**How to complete this task:**
Check each line of the data for "Silver" and select those that have it.

**Data for review:**

Content starts

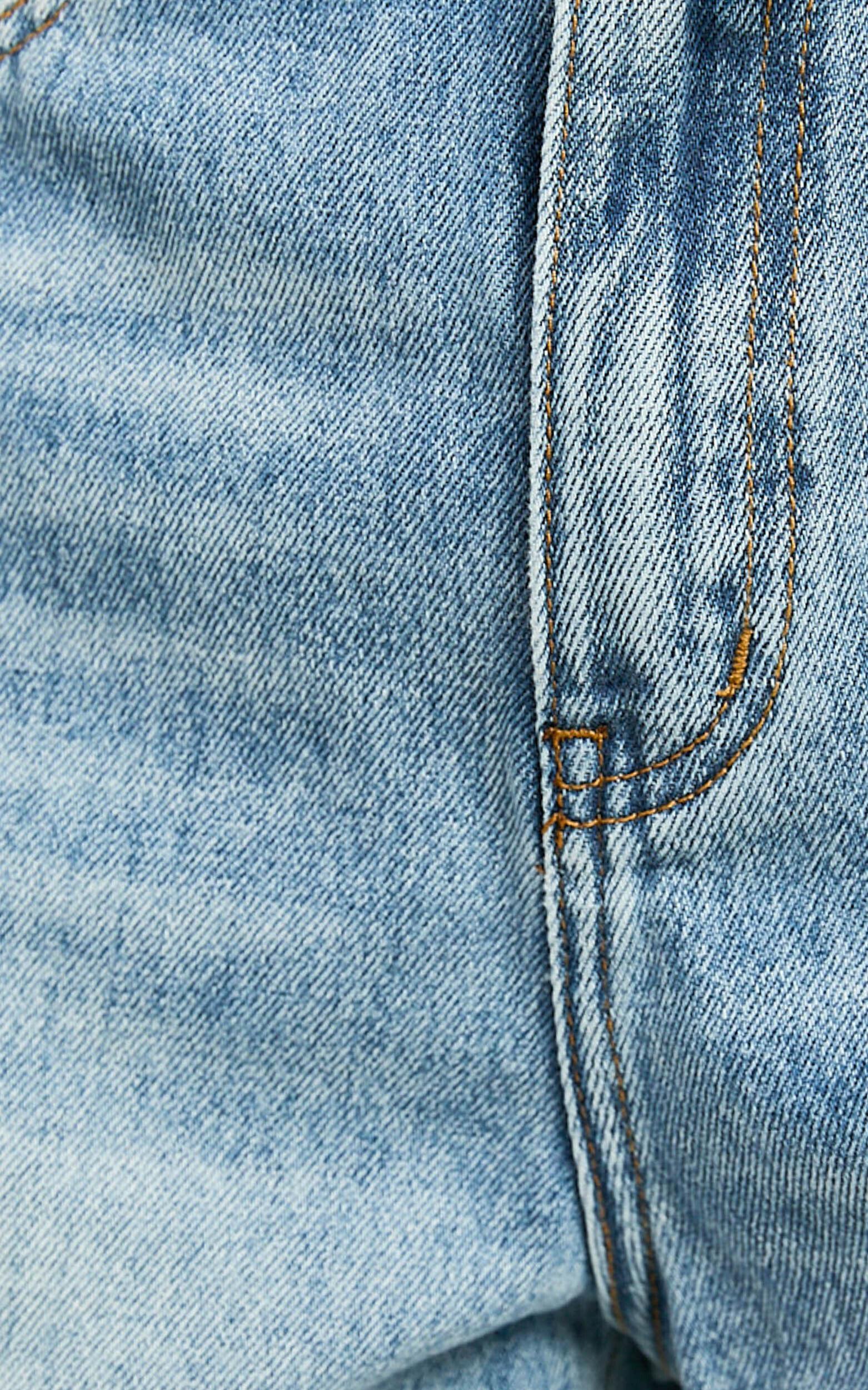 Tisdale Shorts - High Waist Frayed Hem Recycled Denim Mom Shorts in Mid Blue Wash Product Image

Content ends
Content starts

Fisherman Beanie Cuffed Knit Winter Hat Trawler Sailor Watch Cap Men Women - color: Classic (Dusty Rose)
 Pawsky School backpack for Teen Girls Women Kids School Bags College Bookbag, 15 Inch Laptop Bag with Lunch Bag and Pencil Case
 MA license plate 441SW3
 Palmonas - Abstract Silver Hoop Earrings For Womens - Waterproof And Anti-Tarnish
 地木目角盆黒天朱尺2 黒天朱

Content ends
Content starts

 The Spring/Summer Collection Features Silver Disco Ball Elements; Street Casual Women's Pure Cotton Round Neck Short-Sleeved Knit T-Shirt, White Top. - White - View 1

Content ends

**Solution to this exercise:**
 Palmonas - Abstract Silver Hoop Earrings For Womens - Waterproof And Anti-Tarnish
 The Spring/Summer Collection Features Silver Disco Ball Elements; Street Casual Women's Pure Cotton Round Neck Short-Sleeved Knit T-Shirt, White Top. - White - View 1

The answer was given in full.